MzeroMiko / VMamba

VMamba: Visual State Space Models,code is based on mamba
MIT License
1.84k stars 100 forks source link

Three probs about VMamba #122

Open MDD-0928 opened 3 months ago

MDD-0928 commented 3 months ago

Dear authors:

  Thanks for your continuous work!!! I would like to consult you for three probs.

  First, I am so glad to see that you have updated the VMamba (VM) for higher **Throughput** by using "v4" & "LN2D"
          And I have tested the latest version of VM compared with ViT/B16 (ViT) on **Throughput**
           I found that the VM-Ting is much faster than ViT, which has a 1.5~1.7x Throughput compared with ViT.
           But it is a pity that VM-Small is a little bit slower than ViT, 
           and VM-Base is much slower than ViT by nearly 35%~40%
           So, is there any other possibility to fasten your VMamba , further improve the Throughput and make it a Truely high-accuracy & 
   high-throughput foundation model for  CV tasks ? It will be awesome 👍 

1

  Second, would you like to test your model's accuracy on Imagenet1k after pretrained on Imagenet21k and released the ckpt ? :)

  Third, since Mamba is more capable of Long Sequence,  I wonder that whether increasing the EMBED_DIM will boost the performance while incuring minor impact on throughput, e.g. increase the VM-Tiny's EMBED_DIM from 96 to 128 ? 
MzeroMiko commented 3 months ago
  1. The hierarchical structure is slower than vit for sure, but we do have comparable throughput with swin in torch2. We are still working on the way trying to make the model faster.

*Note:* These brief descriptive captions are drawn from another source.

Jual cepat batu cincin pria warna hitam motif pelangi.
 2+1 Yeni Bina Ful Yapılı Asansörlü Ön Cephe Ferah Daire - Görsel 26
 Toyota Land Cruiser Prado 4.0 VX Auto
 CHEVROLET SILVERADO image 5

  2. We have no plan pretraining on imagenet21k now due to the limited resources, we may do it in the future.

  3. To be honest, hard to say. Raising the dimension nearly equals raising the batchsize in this implementation of selective scan, and it is not related to the seqlen. Also, change the embed dim may raise the performance though, it seems tricky.